*What you are asked to do:* Beginning with the line that contains "KEF R3 Bookshelf Speakers; Black Gloss Pair" and ending with the line that contains "Apartment Gschnon", reproduce the lines of the entries below exactly, omitting pictures.

*Supplied data:*
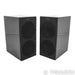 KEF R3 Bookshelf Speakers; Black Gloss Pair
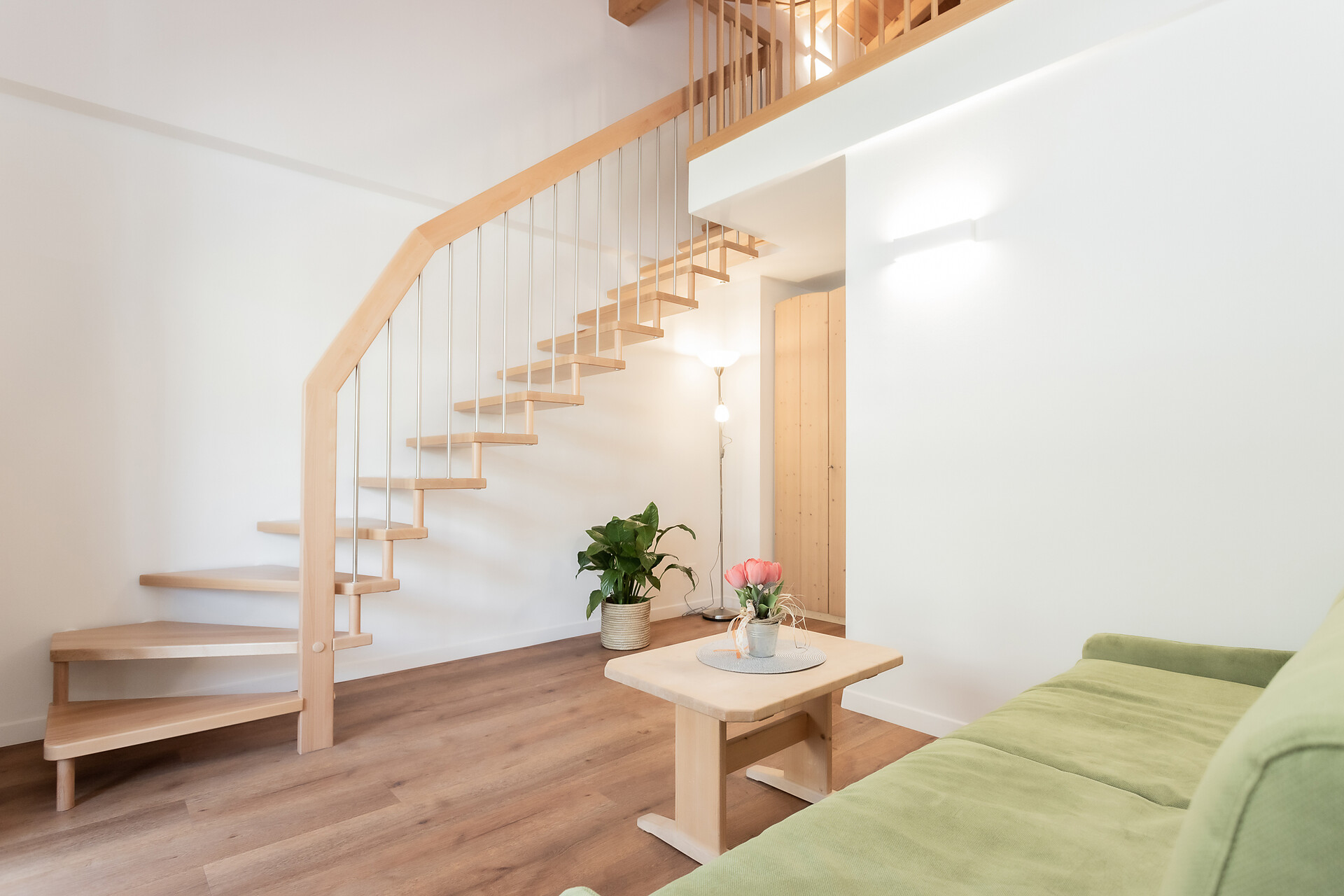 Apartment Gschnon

==

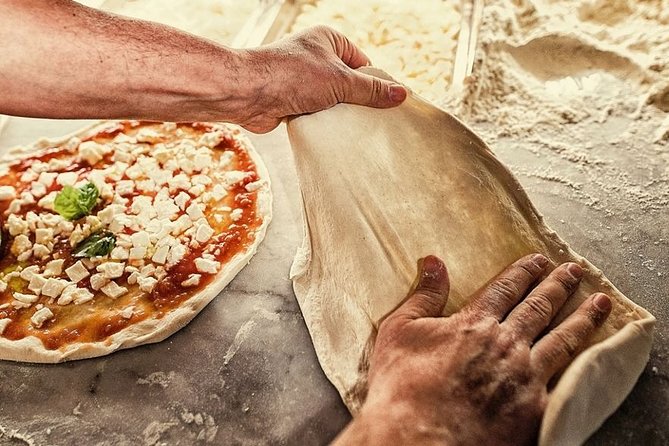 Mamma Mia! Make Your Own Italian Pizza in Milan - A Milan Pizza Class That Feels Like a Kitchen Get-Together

*Result below:*
 KEF R3 Bookshelf Speakers; Black Gloss Pair
 Apartment Gschnon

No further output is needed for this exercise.